- [What the exercise asks]
Could you return, exactly as written, every line from the one containing "thumbnail image 1" through the last line of the entries below, leaving out the pictures?

------ Data for this task

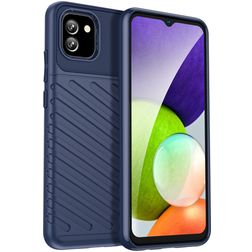 Mobigear Groove Samsung Galaxy A03 Hoesje Flexibel TPU Backcover - Blauw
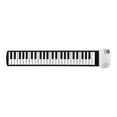 thumbnail image 1 of CUITING 49 Key Roll up Keyboard Piano Electronic Hand Roll Piano for Children Adults white, 1 of 9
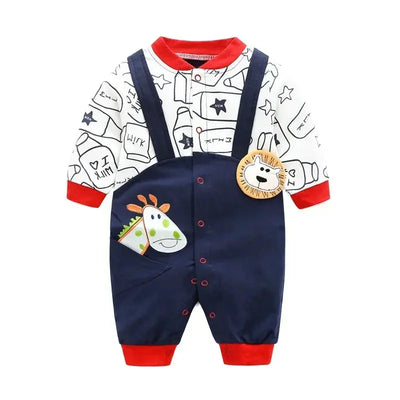 Baby spring clothes 0 to 12 months cotton girls clothing Onesies Autumn newborn Comfortable baby jumpsuits baby boy rompers  Pre2brand color-4-12M
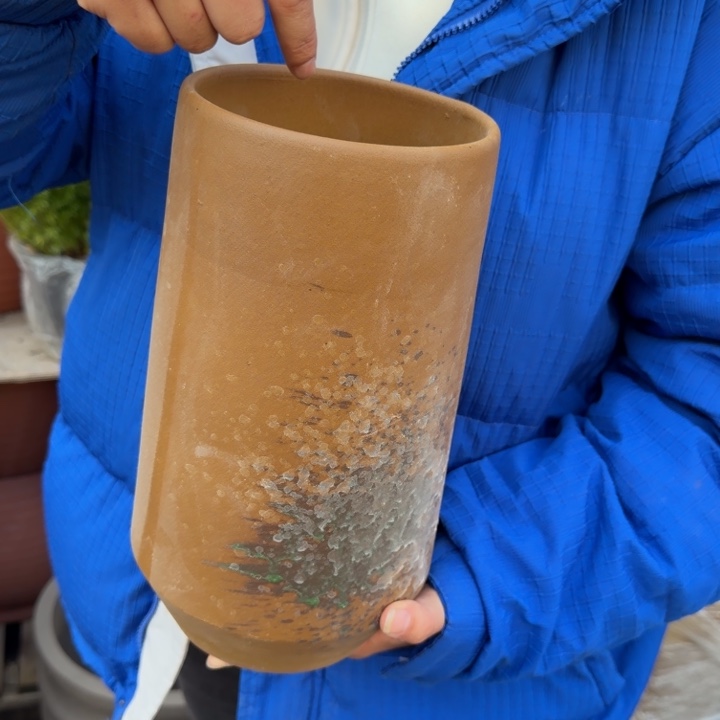 紫砂花盆口14高28宜兴紫砂 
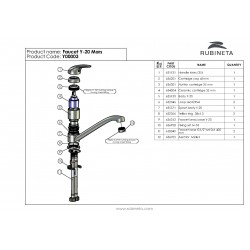 Dřezová baterie YUTA Y-20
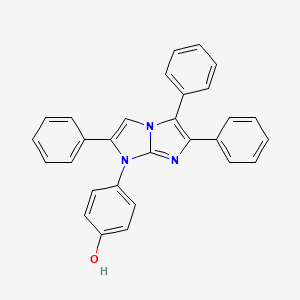 molecular formula C29H21N3O B4320233 4-(2,5,6-triphenyl-1H-imidazo[1,2-a]imidazol-1-yl)phenol 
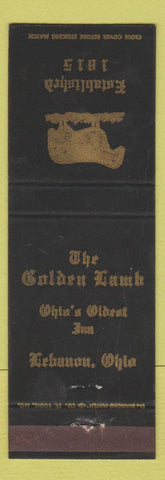 Matchbook Cover - The Golden Lamb Lebanon OH WEAR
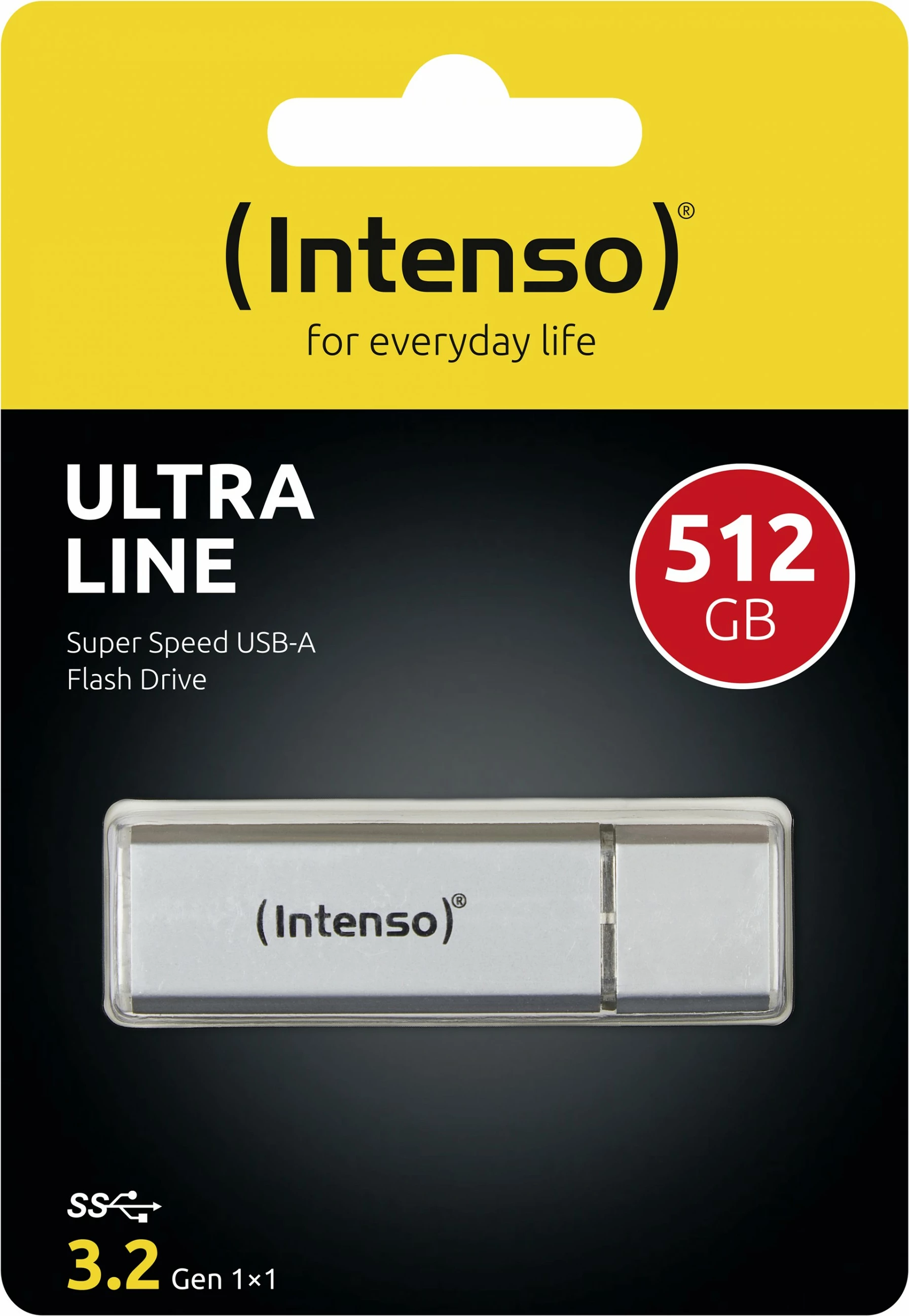 USB ključek Intenso Ultra Line 512 GB, USB 3.2, srebrn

------------

- [Written response]
 thumbnail image 1 of CUITING 49 Key Roll up Keyboard Piano Electronic Hand Roll Piano for Children Adults white, 1 of 9
 Baby spring clothes 0 to 12 months cotton girls clothing Onesies Autumn newborn Comfortable baby jumpsuits baby boy rompers  Pre2brand color-4-12M
 紫砂花盆口14高28宜兴紫砂 
 Dřezová baterie YUTA Y-20
 molecular formula C29H21N3O B4320233 4-(2,5,6-triphenyl-1H-imidazo[1,2-a]imidazol-1-yl)phenol 
 Matchbook Cover - The Golden Lamb Lebanon OH WEAR
 USB ključek Intenso Ultra Line 512 GB, USB 3.2, srebrn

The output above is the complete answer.